[EXERCISE GOAL] Return the whole listing, line for line, without the pictures in it.

[SUPPLIED DATA]
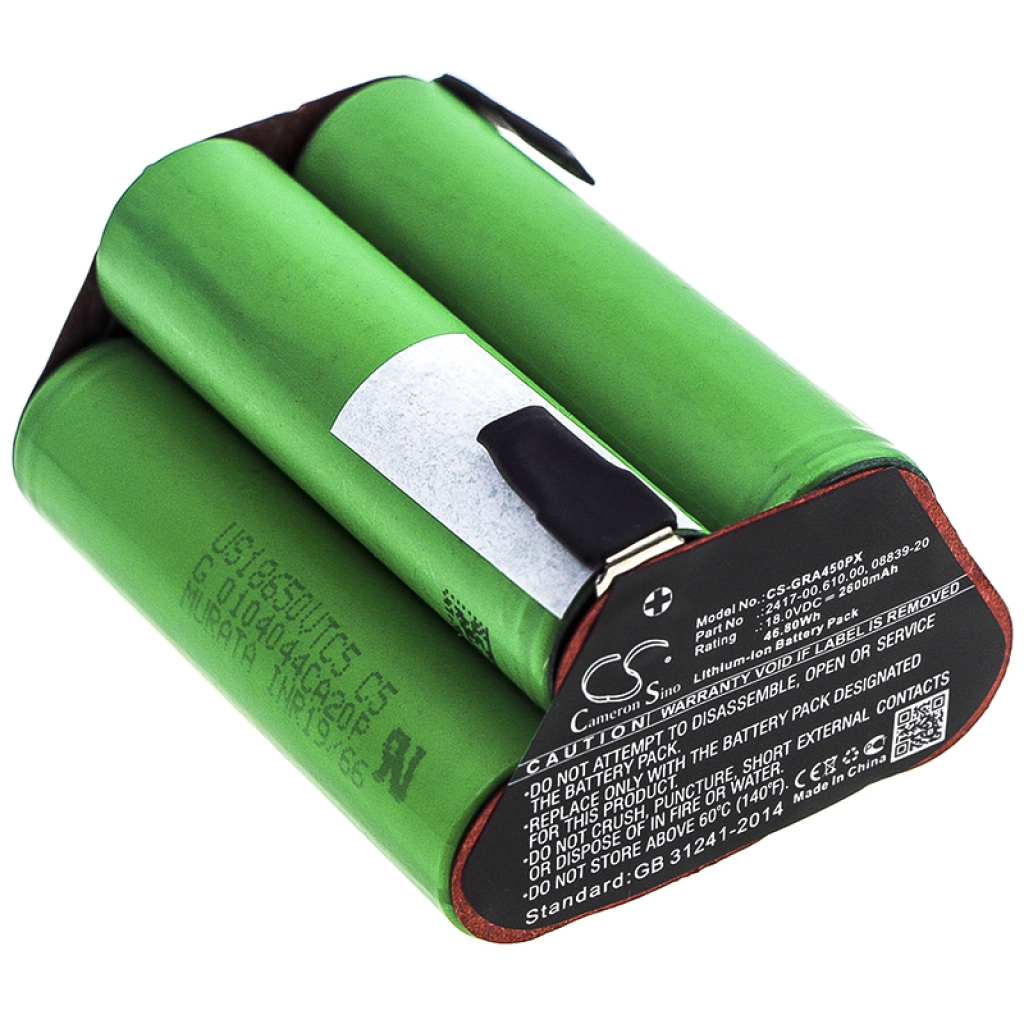 Batterier för verktyg Gardena CS-GRA450PX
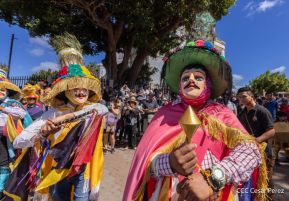 Tope de Santos en Diriamba: Cultura, Historia y Fe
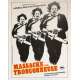 THE TEXAS CHAINSAW MASSACRE Original Herald 4p - 9x12 in. - 1974 - Tobe Hooper, Marilyn Burns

[ANSWER SECTION]
 Batterier för verktyg Gardena CS-GRA450PX
 Tope de Santos en Diriamba: Cultura, Historia y Fe
 THE TEXAS CHAINSAW MASSACRE Original Herald 4p - 9x12 in. - 1974 - Tobe Hooper, Marilyn Burns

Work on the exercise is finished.